Selon la Commission, peu importe que la garantie soit mobilisée ou pas pour constituer une aide publique contraire au droit communautaire : « même si, finalement, l'État n'est pas amené à faire des paiements au titre de la garantie accordée, il peut néanmoins y avoir aide d'État au sens de l'article 87, paragraphe 1, du traité. L'aide est accordée au moment où la garantie est offerte, et non au moment où elle est mobilisée ou à celui où elle entraîne des paiements. C'est donc au moment où la garantie est donnée qu'il y a lieu de déterminer si elle constitue ou non une aide d'État et, dans l'affirmative, d'en calculer le montant ».
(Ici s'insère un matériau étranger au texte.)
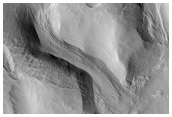 Lobate Debris Apron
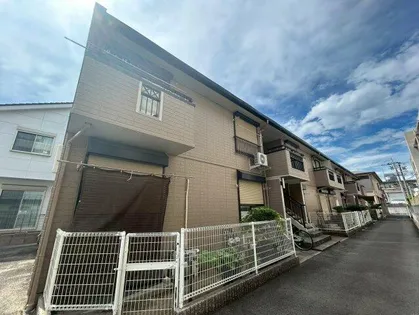 大阪府泉大津市東助松町1丁目【アパート】の外観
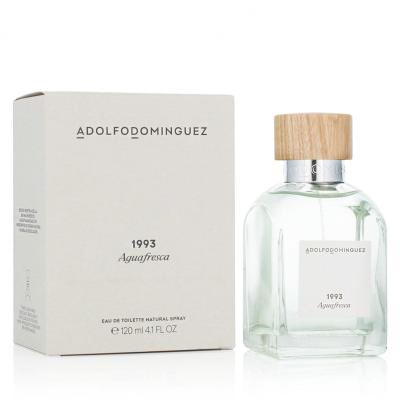 Adolfo Dominguez Agua Fresca Eau de Toilette férfiaknak 120 ml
Une impression favorable, une aide potentielle pourraient donc être considérées comme constituant des avantages concurrentiels indus, d’après la Commission européenne. Mais ce n’est pas l’avis du Tribunal de l’Union Européenne qui dans un arrêt du 21 mai 2010 concernant France Telecom a jugé que, contrairement à ce qu’avait décidé la Commission, l’entreprise n’avait pas bénéficié d’une aide d’état, puisque l’aide annoncée n’avait pas été payée et que la simple annonce ne suffit pas à prouver l’existence d’une aide d’état (9). Et précise également le tribunal : « la reconnaissance de l’existence d’une aide doit reposer sur des constatations objectives et non sur la seule perception des acteurs du marché. En tout état de cause, une simple attente du marché ne saurait en tant que telle créer une quelconque obligation légale d’agir dans un sens souhaité (voir point 271 ci-dessus) » (considérant 288)
Ceci explique certainement la fermeté de la fin de non-recevoir opposée par le Gouvernement français à la Commission.